The products need to:
- Meet the Australian Standard AS 2890.3 if installed for public use (all Council and Bicycle Network Bike Parking Experts rails meet AS 2890.3).
- Allow for the different heights and strengths of users.
- Be appropriate for the length of time riders will want to park their bikes and the security of the location.
- Be securely fixed to the floor or wall and non-removable when security is an issue.
- Be the correct height and width to support the bike in two places. This minimises the chance of damage to the bike.
- In the case of rails: allow the frame and at least one wheel to be locked with a U-shaped lock
- In the case of lockers: allow the bike to be fully enclosed, and provide a unique key.
- Fit a standard sized adult bicycle.
- Be constructed of durable and easily maintained materials.
- Allow for the efficient use of space.
- Space between each rail needs to allow for the length of the bike, width of the handlebars while it is parked, and access for riders to lock and unlock their bike.
- Corridors within the facility need to provide enough room for riders to freely walk side by side with their bike.
- Riders need enough room to park and remove their bike without bumping into other bikes.
- The number of bike parking spaces the designated area can accommodate.
- The style of rails that best suit the needs of users. A combination of rail types will provide parking alternatives for different user preferences. For example: it is inappropriate to use hanging style rails in schools as students may be unable to lift their bikes. Many e-bikes are too heavy to lift and need a solid ground level loop to attach to.
- The style of rails that provide optimum usage of space in the designated area. Combinations of rail styles provide flexibility in layout.

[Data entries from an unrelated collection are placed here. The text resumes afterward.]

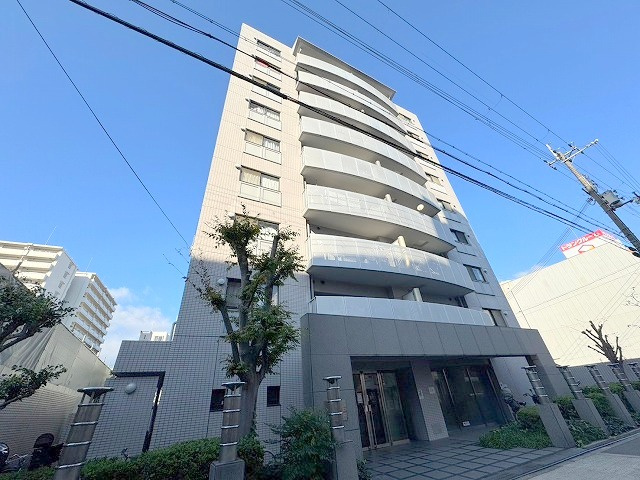 グランツ新大阪の外観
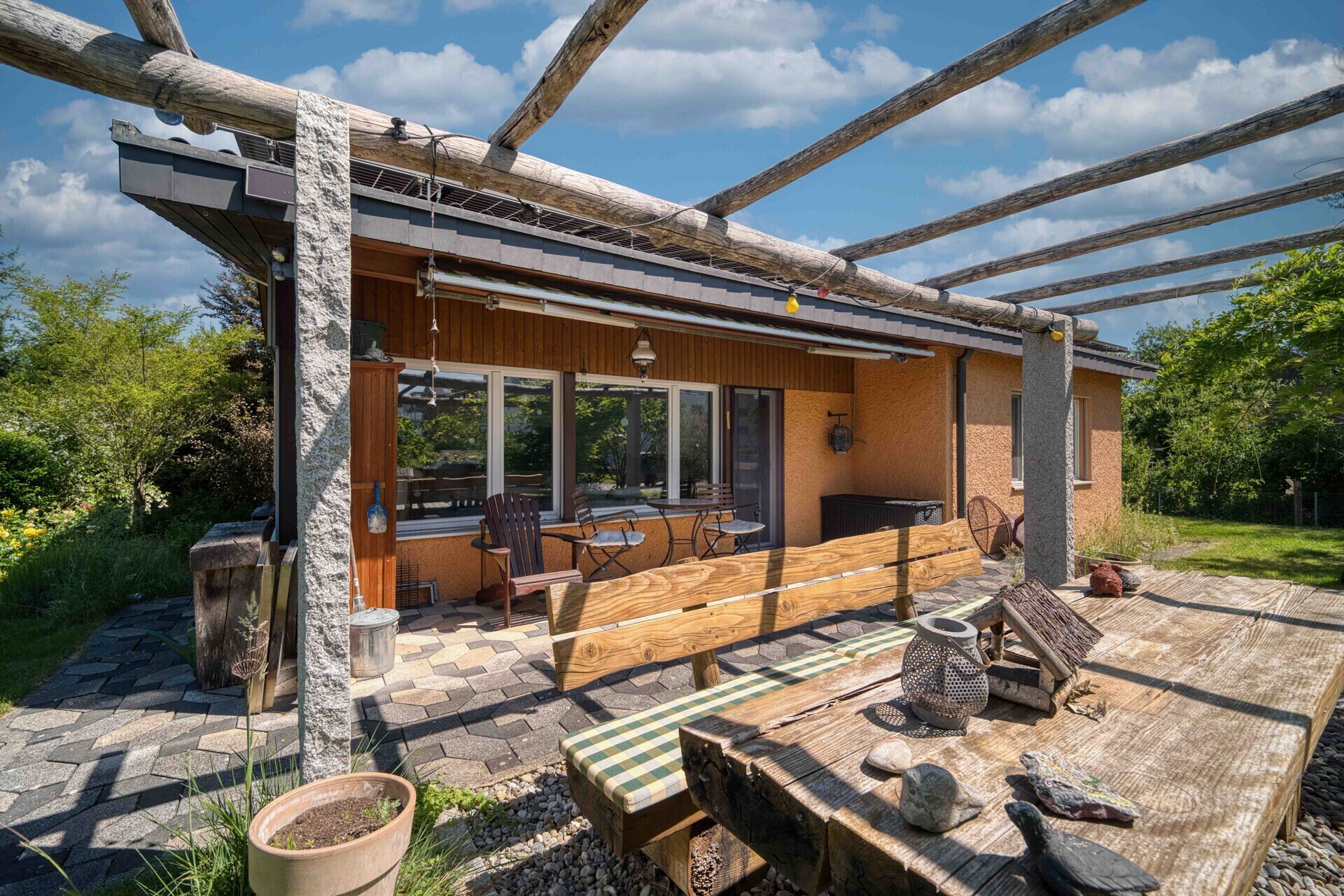 Überdachte Terrasse mit Holzpergola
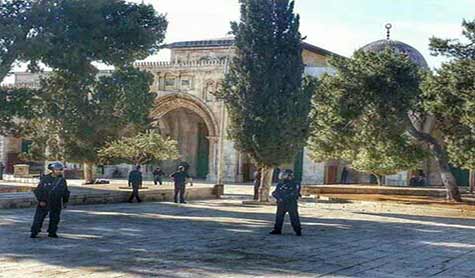 الفلسطينيون يتصدون لاقتحام قوات الاحتلال للمسجد الاقصى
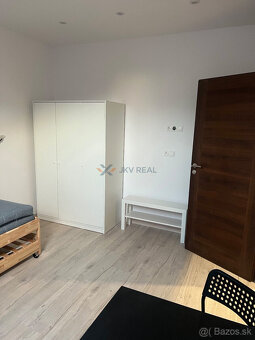 Prenájom 1-izbového bytu s klímou a parkovaním Hlohovec - 2
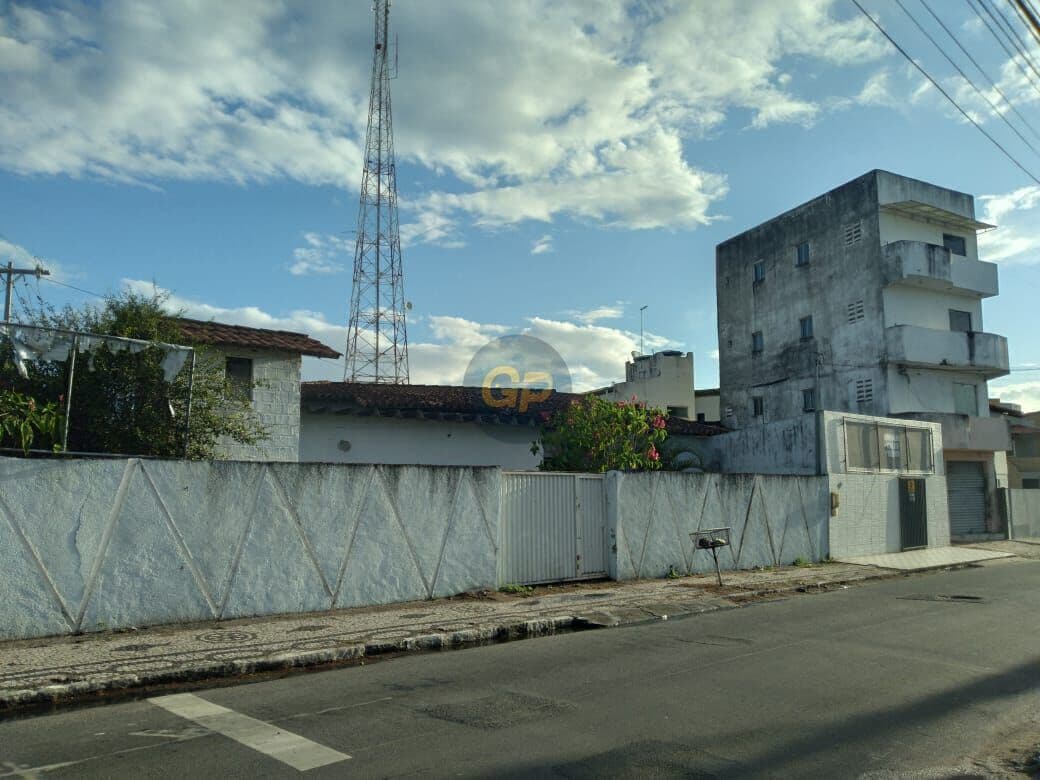 Casa em Feira de Santana - Brasília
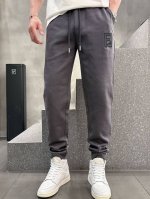 芬迪 2025Ss早春新款新款男士休闲裤、商务休闲款！！重在面料！婴儿肌肤般的柔滑！！客供定织料，入手便知极具柔滑面料，手感柔软亲肤，上身挺括有型，表面又有着温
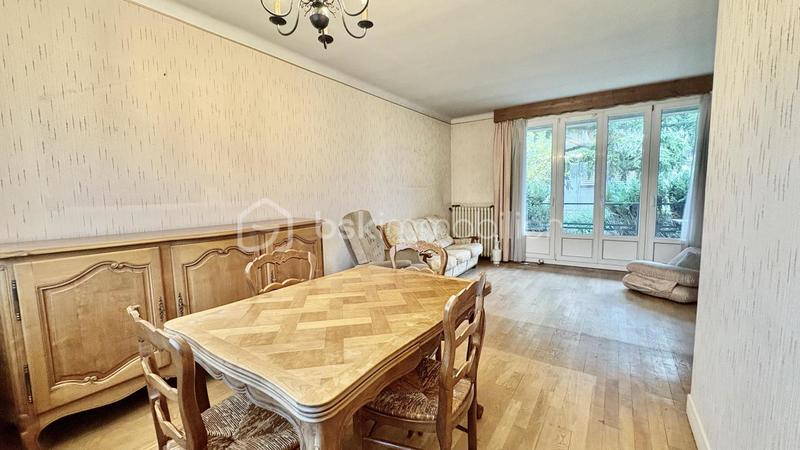 Maison traditionnelle - 93 m² - 5 pièces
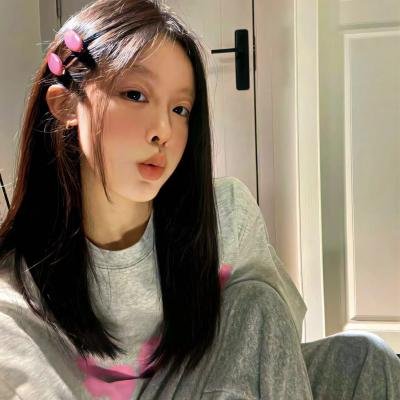 黑色止血钳封面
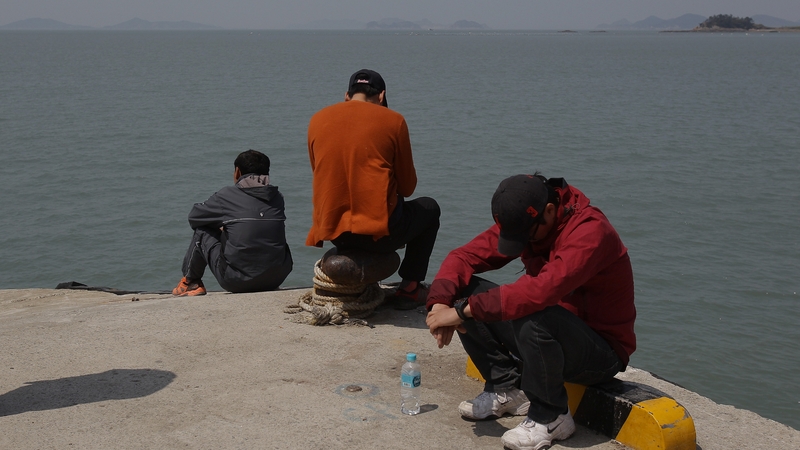 Relatives of missing passengers wait for news at Jindo port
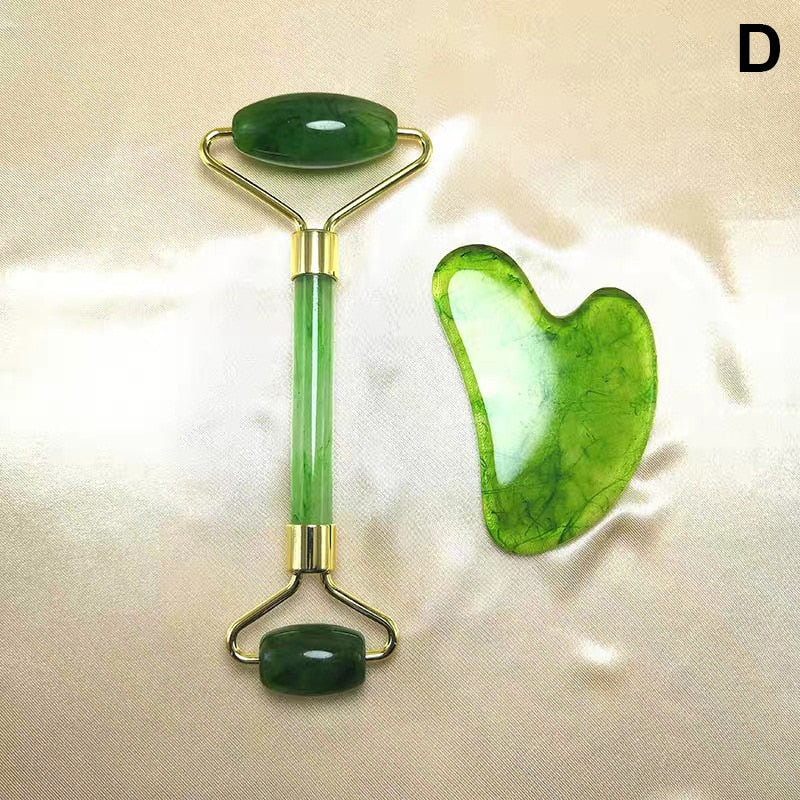 Grüner Jade-Gesichtsroller und Gua Sha Set auf beigem Hintergrund, Massagewerkzeug.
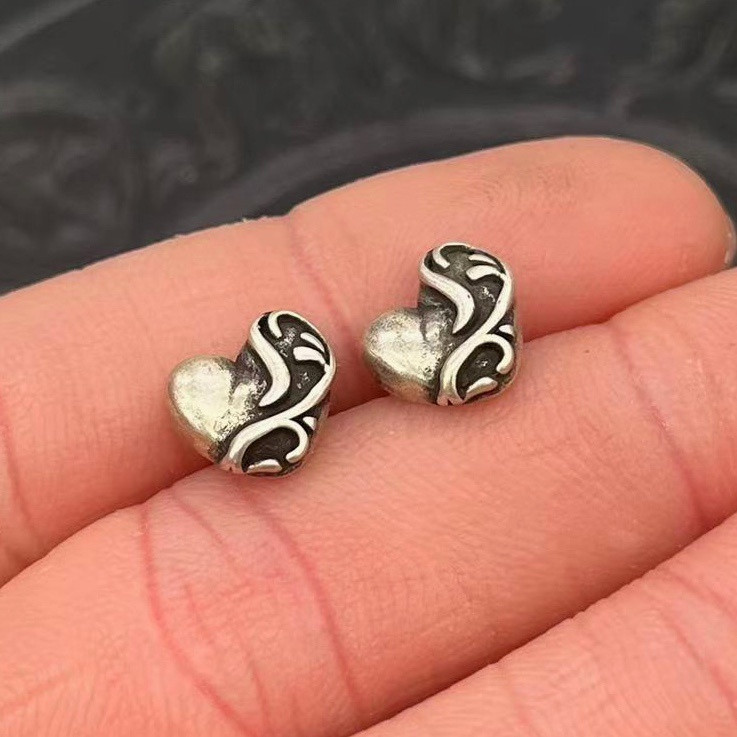 Ch*0me He**ts Heart-shaped Earrings
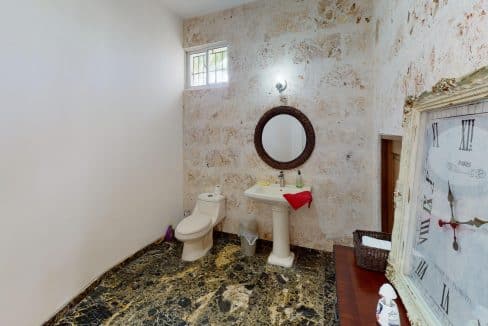 Las-Canas-Downstairs-Toilet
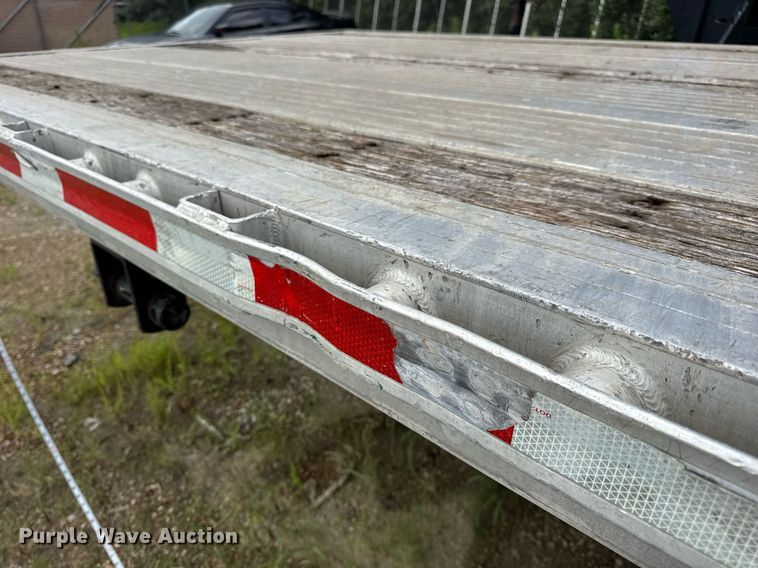 image for item EN4589 2005 Fontaine AFTW-5-8048WSAWI flatbed trailer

- The entrance to the facility needs to provide room for riders to get on and off bikes away from pedestrian or motor vehicle traffic flows.
Make it safe and secure
Riders will use bike parking facilities only if they feel safe and that their bicycle is secure.
- Location – visible to passers-by, security guards and cameras
- Access – for long term parking facilities (more than 4 hours) - keyed, coded or swipe card entry e.g. for residents and employees
- Lighting – good visibility within the facility, and a sense of personal safety
- Product design – bike frame and at least one wheel can be locked to the rail, or the bike can be fully enclosed in a locker
- Permanent – products to be fixed in place and made immovable
- Signage – procedures for locking bicycles and doors or gates
Make it attractive
If it’s a pleasant place to park, then riders will use it, and will be encouraged to ride.
- Clean, brightly coloured, well-lit spaces will attract riders to use bike parking facilities. It may be as simple as a coat of paint.
- Protection from the elements makes the start and finish of a ride much more enjoyable. For example, some shade to keep the heat off, and a roof to keep the bike dry.
- With the increasing takeup of e-bikes, a couple of power points can remove "range anxiety". The bike can be charging up for the ride home while the rider is shopping or having lunch.
- Better lighting and a regular sweep to transform a poorly used facility into one that riders will use.
- Bike parking is often behind a locked gate or door and may not be accessible for normal cleaning routines. Keep a broom, a dust-pan and brush and a couple of rags on hand for a quick clean each week.
- Availability of showers, change rooms and clothing storage can be significant when people are deciding to ride to a location. Workplaces in particular need to provide these facilities for staff members that ride or take part in other forms of exercise. If it’s not possible to provide these types of amenities at a location, negotiate with a nearby gym or club as an alternative.